Daniel Paleka comments on Notes on the Mathematics of LLM Architectures

Daniel Paleka 9 Feb 2023 15:22 UTC
3 points
1
With the vocabulary $V$ having been fixed, we now have a canonical way of taking any string $S$ of real text and mapping it to a (finite) sequence of elements from the fixed vocabulary $V$ .
Correct me if I’m wrong, but: you don’t actually describe any map $Text \to V^{*} ?$
The preceding paragraph explains the Byte-Pair Encoding training algorithm, not the encode step.
The simplified story can be found at the end of the “Implementing BPE” part of the Hugging Face BPE tutorial: it is important to save the merge rules in order and apply them in tokenization. Now the GPT-2 implementation seems very similar but it has a few parts I don’t understand completely, e.g. what does that regex do?

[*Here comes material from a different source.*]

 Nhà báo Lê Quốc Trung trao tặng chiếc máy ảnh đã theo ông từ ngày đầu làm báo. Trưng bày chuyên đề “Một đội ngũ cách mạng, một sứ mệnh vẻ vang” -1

- carboniferous_umbraculum 9 Feb 2023 19:50 UTC
  3 points
  0
  Parent
  Ah thanks very much Daniel. Yes now that you mention it I remember being worried about this a few days ago but then either forgot or (perhaps mistakenly) decided it wasn’t worth expanding on. But yeah I guess you don’t get a well-defined map until you actually fix how the tokenization happens with another separate algorithm. I will add to list of things to fix/expand on in an edit.